Hello,
I am trying to create a workflow that revokes access based on an attribute changes. Both workflows run successfully, but nothing is being revoked.
I want to remove ALL access when the attribute changes.
I have tried both, but no access is being revoked. Please assist
1.) Workflow 1
2.) Workflow 2
Hi Dawn. Can you please provide more information?
For the first workflow
1.) The workflow is succeeding , but the access is not being revoked.
2.) There are no access requests in the request center to revoke the access.
3.) I am getting all the access I am expecting, but when it goes to manage the access it is saying the identity isn’t found.

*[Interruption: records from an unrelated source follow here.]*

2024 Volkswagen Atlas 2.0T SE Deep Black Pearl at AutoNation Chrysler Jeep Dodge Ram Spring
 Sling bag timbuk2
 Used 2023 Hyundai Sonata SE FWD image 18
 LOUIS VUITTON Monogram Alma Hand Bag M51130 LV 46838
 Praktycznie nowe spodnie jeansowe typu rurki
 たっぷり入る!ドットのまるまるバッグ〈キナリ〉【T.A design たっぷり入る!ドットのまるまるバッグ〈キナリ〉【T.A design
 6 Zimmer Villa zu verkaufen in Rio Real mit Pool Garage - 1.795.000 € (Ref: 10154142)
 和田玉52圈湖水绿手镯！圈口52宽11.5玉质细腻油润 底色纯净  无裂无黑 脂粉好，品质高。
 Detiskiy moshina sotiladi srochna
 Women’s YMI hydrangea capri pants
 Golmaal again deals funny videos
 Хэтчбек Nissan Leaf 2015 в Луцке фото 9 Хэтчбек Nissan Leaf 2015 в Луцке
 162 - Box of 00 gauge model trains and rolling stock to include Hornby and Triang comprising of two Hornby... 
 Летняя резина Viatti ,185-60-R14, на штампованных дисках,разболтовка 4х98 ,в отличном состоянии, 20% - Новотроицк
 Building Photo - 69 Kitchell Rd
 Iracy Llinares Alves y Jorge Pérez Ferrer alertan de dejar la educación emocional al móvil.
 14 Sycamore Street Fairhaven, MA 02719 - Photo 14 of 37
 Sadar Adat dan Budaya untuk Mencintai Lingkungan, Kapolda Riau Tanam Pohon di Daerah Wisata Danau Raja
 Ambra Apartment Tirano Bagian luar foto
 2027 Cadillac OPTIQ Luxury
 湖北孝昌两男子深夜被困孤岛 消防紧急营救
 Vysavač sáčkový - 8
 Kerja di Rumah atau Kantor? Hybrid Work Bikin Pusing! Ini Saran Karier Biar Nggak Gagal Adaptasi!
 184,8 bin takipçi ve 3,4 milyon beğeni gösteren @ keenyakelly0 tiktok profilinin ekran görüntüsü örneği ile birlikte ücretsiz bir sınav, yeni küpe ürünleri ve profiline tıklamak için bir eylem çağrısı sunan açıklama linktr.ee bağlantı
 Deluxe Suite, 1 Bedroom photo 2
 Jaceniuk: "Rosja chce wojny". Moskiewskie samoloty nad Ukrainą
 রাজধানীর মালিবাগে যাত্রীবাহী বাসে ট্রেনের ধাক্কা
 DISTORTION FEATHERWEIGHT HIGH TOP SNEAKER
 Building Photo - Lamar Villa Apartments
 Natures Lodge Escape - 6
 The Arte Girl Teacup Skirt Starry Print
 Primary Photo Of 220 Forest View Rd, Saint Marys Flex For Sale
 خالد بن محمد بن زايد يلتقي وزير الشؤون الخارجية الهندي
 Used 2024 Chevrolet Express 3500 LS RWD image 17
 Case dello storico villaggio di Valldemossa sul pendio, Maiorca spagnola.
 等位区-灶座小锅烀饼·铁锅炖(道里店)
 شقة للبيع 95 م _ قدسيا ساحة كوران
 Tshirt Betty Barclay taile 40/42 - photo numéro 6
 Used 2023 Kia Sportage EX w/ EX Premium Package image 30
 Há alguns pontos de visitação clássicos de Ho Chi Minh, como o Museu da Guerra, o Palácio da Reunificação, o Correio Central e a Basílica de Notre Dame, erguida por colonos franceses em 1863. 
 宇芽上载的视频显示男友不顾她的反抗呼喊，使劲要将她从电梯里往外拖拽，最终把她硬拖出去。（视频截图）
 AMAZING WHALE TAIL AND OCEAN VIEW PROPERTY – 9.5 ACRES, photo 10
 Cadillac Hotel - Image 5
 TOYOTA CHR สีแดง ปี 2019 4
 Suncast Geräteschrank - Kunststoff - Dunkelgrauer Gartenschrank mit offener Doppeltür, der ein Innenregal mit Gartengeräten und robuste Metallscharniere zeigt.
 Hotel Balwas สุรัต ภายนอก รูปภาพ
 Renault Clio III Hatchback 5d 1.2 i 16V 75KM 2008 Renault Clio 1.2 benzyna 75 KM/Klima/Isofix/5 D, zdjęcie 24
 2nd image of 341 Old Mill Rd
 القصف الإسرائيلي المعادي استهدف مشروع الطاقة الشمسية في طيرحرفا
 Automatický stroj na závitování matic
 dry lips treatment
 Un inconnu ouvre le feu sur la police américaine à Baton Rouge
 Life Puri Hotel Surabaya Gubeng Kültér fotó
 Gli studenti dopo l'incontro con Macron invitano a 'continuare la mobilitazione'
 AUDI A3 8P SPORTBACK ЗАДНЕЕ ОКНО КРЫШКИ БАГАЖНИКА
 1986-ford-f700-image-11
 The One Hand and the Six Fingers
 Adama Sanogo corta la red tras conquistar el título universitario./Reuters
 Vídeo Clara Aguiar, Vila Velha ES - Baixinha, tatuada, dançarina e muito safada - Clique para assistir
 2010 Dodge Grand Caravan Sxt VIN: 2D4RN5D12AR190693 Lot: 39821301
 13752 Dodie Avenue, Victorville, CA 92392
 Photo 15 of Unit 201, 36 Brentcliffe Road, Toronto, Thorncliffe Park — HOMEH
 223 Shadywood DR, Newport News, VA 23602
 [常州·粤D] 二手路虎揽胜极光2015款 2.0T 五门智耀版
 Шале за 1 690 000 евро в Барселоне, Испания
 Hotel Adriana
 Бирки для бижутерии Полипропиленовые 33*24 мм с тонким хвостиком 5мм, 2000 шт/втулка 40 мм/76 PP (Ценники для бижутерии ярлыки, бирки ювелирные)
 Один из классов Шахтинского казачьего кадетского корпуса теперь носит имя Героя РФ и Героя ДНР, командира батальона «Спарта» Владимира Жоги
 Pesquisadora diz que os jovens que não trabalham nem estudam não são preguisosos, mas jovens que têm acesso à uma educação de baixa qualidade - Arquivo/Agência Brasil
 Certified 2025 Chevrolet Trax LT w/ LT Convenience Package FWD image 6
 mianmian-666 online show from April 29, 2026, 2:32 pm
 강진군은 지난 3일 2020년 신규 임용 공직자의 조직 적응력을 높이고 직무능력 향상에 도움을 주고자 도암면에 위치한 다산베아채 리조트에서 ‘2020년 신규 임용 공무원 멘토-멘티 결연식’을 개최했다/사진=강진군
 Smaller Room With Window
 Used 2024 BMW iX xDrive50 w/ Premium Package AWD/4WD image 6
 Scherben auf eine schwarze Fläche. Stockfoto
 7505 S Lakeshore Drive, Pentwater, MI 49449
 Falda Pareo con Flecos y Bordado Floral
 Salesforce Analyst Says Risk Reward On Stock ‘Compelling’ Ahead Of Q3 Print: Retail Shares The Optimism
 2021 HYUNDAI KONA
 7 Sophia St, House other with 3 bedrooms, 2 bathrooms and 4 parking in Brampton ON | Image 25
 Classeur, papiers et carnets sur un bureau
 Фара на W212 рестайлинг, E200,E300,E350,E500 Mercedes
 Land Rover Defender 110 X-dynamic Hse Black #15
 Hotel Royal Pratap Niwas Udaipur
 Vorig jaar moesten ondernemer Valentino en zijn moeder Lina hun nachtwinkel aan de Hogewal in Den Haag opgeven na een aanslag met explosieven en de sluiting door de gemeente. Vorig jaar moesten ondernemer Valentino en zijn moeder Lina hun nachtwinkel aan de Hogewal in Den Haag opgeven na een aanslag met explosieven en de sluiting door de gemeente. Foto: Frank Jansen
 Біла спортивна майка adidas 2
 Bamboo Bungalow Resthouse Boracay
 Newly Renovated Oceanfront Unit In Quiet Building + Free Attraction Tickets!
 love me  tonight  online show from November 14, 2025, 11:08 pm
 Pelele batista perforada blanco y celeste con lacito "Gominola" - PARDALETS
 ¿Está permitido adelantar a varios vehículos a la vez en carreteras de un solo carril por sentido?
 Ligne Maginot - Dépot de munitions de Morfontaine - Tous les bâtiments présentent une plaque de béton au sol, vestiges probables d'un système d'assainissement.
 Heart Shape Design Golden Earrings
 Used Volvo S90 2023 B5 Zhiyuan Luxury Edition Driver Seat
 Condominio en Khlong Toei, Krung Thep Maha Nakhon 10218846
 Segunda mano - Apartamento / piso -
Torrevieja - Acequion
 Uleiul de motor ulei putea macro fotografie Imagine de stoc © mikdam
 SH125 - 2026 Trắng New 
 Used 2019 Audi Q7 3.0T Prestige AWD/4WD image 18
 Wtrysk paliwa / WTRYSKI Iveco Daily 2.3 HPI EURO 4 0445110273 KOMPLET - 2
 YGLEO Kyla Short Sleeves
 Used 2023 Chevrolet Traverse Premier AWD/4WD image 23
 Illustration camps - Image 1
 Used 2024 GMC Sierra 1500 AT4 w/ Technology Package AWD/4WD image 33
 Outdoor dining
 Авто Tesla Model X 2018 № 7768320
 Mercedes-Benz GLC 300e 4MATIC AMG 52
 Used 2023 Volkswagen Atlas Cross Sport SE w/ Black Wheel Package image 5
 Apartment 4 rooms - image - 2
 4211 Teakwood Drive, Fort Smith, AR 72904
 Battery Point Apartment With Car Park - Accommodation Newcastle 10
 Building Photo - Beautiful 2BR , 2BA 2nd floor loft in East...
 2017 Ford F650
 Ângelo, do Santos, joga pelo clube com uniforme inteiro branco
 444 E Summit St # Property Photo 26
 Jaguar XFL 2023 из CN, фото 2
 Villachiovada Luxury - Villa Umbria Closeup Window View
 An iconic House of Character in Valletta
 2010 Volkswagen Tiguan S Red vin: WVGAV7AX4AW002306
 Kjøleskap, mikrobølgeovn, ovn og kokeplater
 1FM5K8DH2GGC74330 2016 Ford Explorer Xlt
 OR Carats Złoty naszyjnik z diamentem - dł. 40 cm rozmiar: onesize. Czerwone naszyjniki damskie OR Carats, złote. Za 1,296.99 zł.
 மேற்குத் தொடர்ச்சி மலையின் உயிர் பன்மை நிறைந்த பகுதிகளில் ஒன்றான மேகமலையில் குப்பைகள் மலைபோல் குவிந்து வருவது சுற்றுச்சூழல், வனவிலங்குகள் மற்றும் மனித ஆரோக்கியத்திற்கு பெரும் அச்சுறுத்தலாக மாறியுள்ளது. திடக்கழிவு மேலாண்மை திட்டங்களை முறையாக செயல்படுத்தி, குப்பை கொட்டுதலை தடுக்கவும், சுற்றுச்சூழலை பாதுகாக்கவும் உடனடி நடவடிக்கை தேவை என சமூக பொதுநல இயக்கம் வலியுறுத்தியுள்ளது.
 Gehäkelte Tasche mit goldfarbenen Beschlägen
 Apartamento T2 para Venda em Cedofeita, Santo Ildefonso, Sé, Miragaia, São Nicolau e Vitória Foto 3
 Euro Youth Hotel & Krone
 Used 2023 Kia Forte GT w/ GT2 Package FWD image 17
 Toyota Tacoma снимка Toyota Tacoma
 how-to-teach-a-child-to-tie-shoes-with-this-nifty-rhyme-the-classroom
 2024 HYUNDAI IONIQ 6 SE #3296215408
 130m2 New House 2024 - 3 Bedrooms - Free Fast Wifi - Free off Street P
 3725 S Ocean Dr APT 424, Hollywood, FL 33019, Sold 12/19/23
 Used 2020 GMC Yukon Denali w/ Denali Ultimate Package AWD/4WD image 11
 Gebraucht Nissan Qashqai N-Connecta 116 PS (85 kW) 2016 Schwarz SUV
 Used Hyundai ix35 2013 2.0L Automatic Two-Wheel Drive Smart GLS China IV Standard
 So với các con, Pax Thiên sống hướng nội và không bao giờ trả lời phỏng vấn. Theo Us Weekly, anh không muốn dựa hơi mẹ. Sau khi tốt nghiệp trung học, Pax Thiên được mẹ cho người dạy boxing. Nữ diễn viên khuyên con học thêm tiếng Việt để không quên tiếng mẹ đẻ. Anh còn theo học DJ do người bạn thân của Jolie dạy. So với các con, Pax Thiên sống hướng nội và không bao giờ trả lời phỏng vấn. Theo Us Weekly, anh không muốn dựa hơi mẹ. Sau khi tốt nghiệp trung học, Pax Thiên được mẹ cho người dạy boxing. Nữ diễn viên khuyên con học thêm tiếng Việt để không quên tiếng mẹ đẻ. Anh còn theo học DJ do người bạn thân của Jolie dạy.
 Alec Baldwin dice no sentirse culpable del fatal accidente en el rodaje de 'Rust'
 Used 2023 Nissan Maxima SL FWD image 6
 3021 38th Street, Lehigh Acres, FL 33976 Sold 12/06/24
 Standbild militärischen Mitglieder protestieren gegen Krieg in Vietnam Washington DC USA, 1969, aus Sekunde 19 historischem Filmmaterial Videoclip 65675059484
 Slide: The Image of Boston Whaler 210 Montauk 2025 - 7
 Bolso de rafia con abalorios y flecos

4.) I can send you the screenshots of how the get access and manage access steps are configured here:
GET ACCESS
MANAGE ACCESS
5.) I can private message the logs.
For the second workflow
I reconfigured something, but I am unable to actually to test due to a parameter error that is being fixed.
Thank you
This is likely your issue. Can you please provide detailed screenshots of your loop configuration? Somehow, your loop is not passing the identity ID to the loop actions inside, so it is unable to revoke the access.
You have the wrong JSONpath for the identity in the Manage Access step inside your loop.
You have this: $.trigger.identity.id
It should be this: $.loop.context.trigger.identity.id
More information on configuring the loop context can be found here: Operators - SailPoint Identity Services
After testing some access was revoked, but not all I am receiving three different error message.
1.)
2.)
3.)
Hi Colin,
Just an update I was able to achieve what I was looking for in terms revoking all access in reference to the solution you put here. Thanks again!
This topic was automatically closed 60 days after the last reply. New replies are no longer allowed.